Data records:
◇ ◇ ◇ ◇

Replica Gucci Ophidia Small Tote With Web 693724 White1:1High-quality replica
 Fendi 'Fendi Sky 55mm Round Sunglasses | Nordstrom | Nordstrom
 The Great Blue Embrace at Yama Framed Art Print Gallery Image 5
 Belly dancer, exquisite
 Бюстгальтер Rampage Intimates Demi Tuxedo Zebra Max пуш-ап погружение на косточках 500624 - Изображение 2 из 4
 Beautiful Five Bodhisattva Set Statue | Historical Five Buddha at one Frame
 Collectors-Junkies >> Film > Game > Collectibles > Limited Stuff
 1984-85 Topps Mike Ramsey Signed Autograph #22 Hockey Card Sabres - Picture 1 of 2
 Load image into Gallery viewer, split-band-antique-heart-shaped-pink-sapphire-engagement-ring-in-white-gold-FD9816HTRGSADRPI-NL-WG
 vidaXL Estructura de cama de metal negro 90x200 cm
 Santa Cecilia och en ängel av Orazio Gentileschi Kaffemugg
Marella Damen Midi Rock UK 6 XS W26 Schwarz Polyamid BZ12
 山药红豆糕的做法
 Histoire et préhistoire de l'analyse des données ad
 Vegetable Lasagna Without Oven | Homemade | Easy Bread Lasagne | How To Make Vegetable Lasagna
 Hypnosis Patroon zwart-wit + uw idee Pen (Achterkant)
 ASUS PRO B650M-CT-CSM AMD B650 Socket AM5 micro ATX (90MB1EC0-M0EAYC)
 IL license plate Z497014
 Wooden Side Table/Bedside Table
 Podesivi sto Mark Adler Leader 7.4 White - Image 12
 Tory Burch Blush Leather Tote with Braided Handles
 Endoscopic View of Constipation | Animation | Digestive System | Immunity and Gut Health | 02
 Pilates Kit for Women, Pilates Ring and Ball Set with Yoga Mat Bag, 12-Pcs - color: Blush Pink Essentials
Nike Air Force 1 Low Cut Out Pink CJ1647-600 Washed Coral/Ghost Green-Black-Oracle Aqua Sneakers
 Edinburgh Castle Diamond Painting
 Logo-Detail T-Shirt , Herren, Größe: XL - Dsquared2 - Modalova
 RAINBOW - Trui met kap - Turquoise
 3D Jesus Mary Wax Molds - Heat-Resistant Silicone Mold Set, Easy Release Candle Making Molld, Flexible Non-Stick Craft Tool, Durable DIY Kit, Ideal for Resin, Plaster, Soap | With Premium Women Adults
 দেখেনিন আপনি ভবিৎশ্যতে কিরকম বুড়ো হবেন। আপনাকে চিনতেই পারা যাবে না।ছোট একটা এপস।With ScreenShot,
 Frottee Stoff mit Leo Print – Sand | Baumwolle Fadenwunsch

◇ ◇ ◇ ◇

§ **Task**: In the records above, find the line with "IL license plate Z497014"; write out exactly that line and each one after it, stopping after the line with "Nike Air Force".

§ **Response to the exercise**:
 IL license plate Z497014
 Wooden Side Table/Bedside Table
 Podesivi sto Mark Adler Leader 7.4 White - Image 12
 Tory Burch Blush Leather Tote with Braided Handles
 Endoscopic View of Constipation | Animation | Digestive System | Immunity and Gut Health | 02
 Pilates Kit for Women, Pilates Ring and Ball Set with Yoga Mat Bag, 12-Pcs - color: Blush Pink Essentials
Nike Air Force 1 Low Cut Out Pink CJ1647-600 Washed Coral/Ghost Green-Black-Oracle Aqua Sneakers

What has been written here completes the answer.